▶ Supplied data
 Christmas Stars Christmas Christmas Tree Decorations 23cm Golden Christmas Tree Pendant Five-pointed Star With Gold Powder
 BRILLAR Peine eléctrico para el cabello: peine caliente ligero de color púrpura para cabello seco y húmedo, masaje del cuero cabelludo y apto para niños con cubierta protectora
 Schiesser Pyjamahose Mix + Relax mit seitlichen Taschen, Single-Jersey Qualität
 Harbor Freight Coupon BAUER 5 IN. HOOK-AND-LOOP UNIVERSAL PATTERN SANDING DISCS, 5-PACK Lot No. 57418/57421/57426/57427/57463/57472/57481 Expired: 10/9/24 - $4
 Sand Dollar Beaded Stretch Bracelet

▶ What the task asks
Copy all records verbatim.

▶ Result below
 Christmas Stars Christmas Christmas Tree Decorations 23cm Golden Christmas Tree Pendant Five-pointed Star With Gold Powder
 BRILLAR Peine eléctrico para el cabello: peine caliente ligero de color púrpura para cabello seco y húmedo, masaje del cuero cabelludo y apto para niños con cubierta protectora
 Schiesser Pyjamahose Mix + Relax mit seitlichen Taschen, Single-Jersey Qualität
 Harbor Freight Coupon BAUER 5 IN. HOOK-AND-LOOP UNIVERSAL PATTERN SANDING DISCS, 5-PACK Lot No. 57418/57421/57426/57427/57463/57472/57481 Expired: 10/9/24 - $4
 Sand Dollar Beaded Stretch Bracelet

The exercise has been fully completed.